Natürlich ist es eine lächerliche Übung, über eine untergehende Kultur herzuziehen. Wozu also? Ich träume – wie letztlich auch Vilém Flusser – von einer Versöhnung der beiden Kulturen. Die Schriftkultur muss dabei herunter von ihrem hohen Ross… („Was ist das, Herr Lehrer?“ „Che cosa significa „Ross“?) – und die Bildkultur muss die Tür ihres modernen Panzers öffnen.

Meine Vorwürfe sind aber noch nicht zu Ende: Das geschriebene Wort hat uns Jahrhunderte lang gründlich belogen. Kann eigentlich Schlimmeres kommen? – Es kann. (“Yes, We Can“) Auf falsches Bewusstsein könnte Bewusstlosigkeit folgen. (Link)

 

25. Juni 2017    Ist das Alles ?

Sich auf ‘die Schriftkultur’ zu fokussieren, mag für nette Essays und akademische Gesellenstücke ausreichen, aber schon hier wird ‘die Lesekultur’ vergessen, und Blicke nach rechts und links: Hier geht ‘die Bildkultur’ an Erstickung unter. Und was alles noch? Etwa ‘die der Umgangsformen’, soweit sie nicht zur Programmierung von Robotern taugen?

Ich will mich hier auf ‘Bild’ und ‘Ding’ beschränken, damit Leser nicht gleich achselzuckend weiterzappen.

‘Bilder’ lehrte Vilém Flusser – und diskutieren David Hockney und Marin Gayford unterhaltsam in “Die Welt der Bilder” (2016, Link) – folgen einer hochdifferenzierten, aber erlernbaren Grammatik. Sonst ist nämlich Schluss mit der individuellen Freiheit und dem, was daraus folgt, der Möglichkeit, Widerstand zu leisten. Scrollende Fingerspitzen sind eindeutig nicht das erfolgversprechende Instrument.

Wenn auch Dinge ihren Eigenwert verlieren – jenseits von Auktionen, Moden oder Sentimentalitäten, jenseits irgendwelcher Reservate wie Instrumentenbau, ‘bildender Kunst’ oder Museumsgut – ist ein Leben im Dreck buchstäblich vorprogrammiert.

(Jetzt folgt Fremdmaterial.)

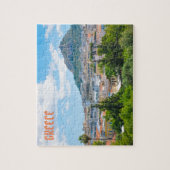 アテネ、ギリシャ市 ジグソーパズル (縦)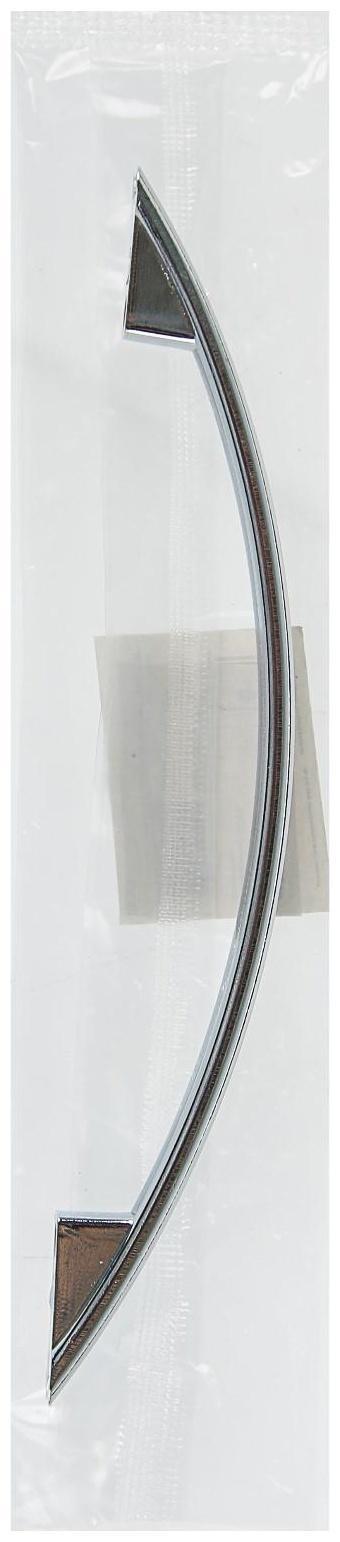 Ручка-скоба РС140CP, м/о 128 мм, цвет хром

Wenn das Versäumnis des Beherrschens einer Schrift mit einer ganzen Reihe weiterer kultureller Verluste einhergeht – aktiv und passiv, und wer verfügte denn anders über einen nennenswerten ‘Wortschatz’ ? – dann habe ich Angst um die Menschen, die jetzt noch in die Welt gesetzt und durch ‘Bildungssysteme’ geschleust werden, viele ja nicht mal erfolgreich. Wer kann noch lesen,  ich meine: komplexer als ‘funktionelle Analphabeten’ oder vom Smartphone gejagte und gestresste ‘Fachidioten’ (Bitte nicht schimpfen! Nur ein neutraler Begriff; Flusser würde seine Etymologie bemühen, “idiotes” (gr.) und “Fach” wie Schreibtischfach)

Das menschliche Leiden wäre heute bereits unermesslich, wenn es nicht ‘Opium’ gäbe. – Ach Marx! Das ‘Opium’ sollte ‘Religion’ sein?  Er hatte noch eine erfahrungsgesättigte traditionelle Kirche vor Augen, der Glückliche!